(Paru dans la section «Regards sur le monde» de La Presse + le 28 avril 2013)
(Bombay, Inde) - Meena et Surya habitent le même village, dans le nord-ouest de l'Inde. Ils sont amoureux. Or, grave problème : elle est une Ror, haute caste hindoue, alors que lui est un Dalit, un intouchable. Personne n'acceptera leur union, aux antipodes de la tradition. Ni leur famille ni la communauté. Qu'à cela ne tienne, ils fuient et vont se marier en ville.

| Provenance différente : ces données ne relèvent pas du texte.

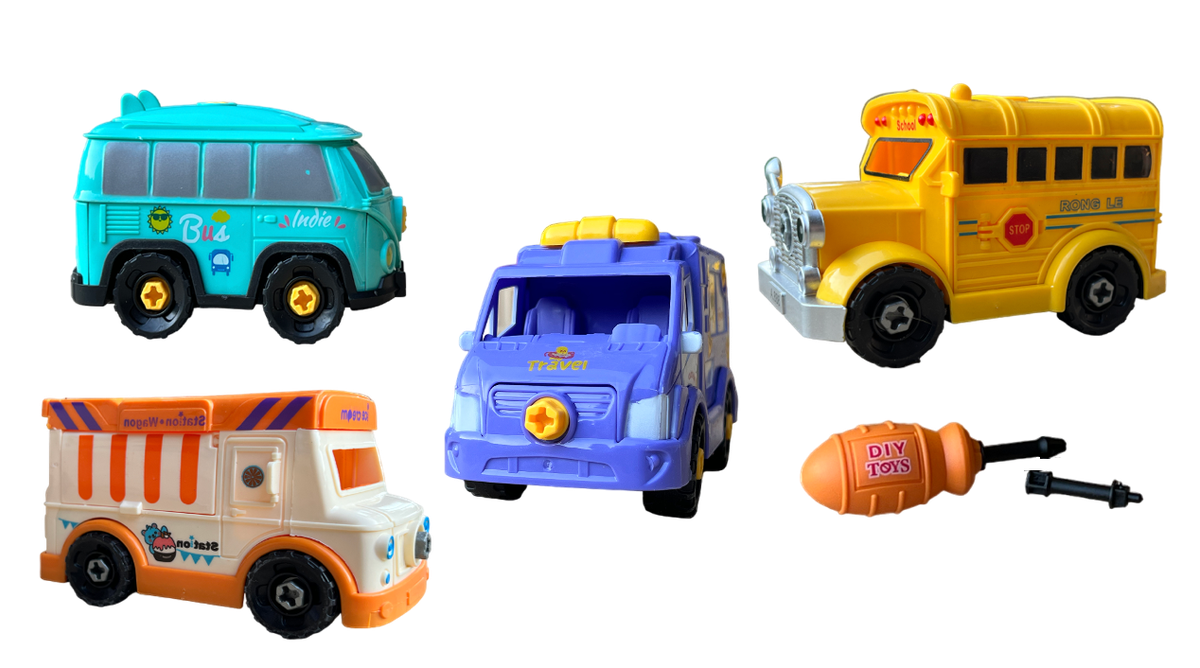 4 Take Apart Disasemble STEM City Buses for Kids Toy Ages 4 5 6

Lorsque la nouvelle a atteint le village il y a deux semaines, elle a déclenché la colère des Rors. Bilan : des dizaines de blessés, 80 maisons endommagées, 200 familles dalits en fuite et une harmonie intercommunautaire en lambeaux.
En Inde, les mariages d'amour demeurent l'exception dans une tradition de « mariages de convenance », dans lesquels deux familles compatibles sur les plans socioéconomique, religieux et astrologique organisent l'union d'un fils et d'une fille.
En ville, les mariages d'amour sont de plus en plus fréquents et acceptés par les familles, quoique non sans grincement de dents. Mais en zone rurale, où habitent toujours plus de 60 % des 1,2 milliard d'Indiens, défier la tradition maritale est non seulement un geste audacieux, mais extrêmement dangereux. L'histoire de Meena et Surya, qui a mis à feu et à sang le village de Pabnawa, n'en est que le dernier exemple. Chaque année dans le pays, quelque 1000 meurtres sont classés comme des crimes d'honneur liés à des relations ou mariages fondés sur l'amour.
Une autre histoire : en décembre dernier, après deux ans de cavale, Mehwish et Abdul Hakim ont risqué un retour dans leur village d'origine en Uttar Pradesh pour s'occuper de la mère malade de ce dernier. Le ressentiment à la suite de leur mariage ne s'était pas estompé. La famille de Mehwish le considérait toujours comme inacceptable, car, bien qu'Abdul Hakim soit aussi musulman, il était d'un rang social moindre. Après leur passage à une populaire émission de télévision, leur tête a même été mise à prix par le khap panchayat, un conseil d'anciens ultraconservateurs aux pouvoirs officieux, mais bien réels dans les villages indiens. Quelques jours après son retour, Abdul Hakim a été tué par balles. La veuve a accusé sa propre famille de l'avoir fait assassiner.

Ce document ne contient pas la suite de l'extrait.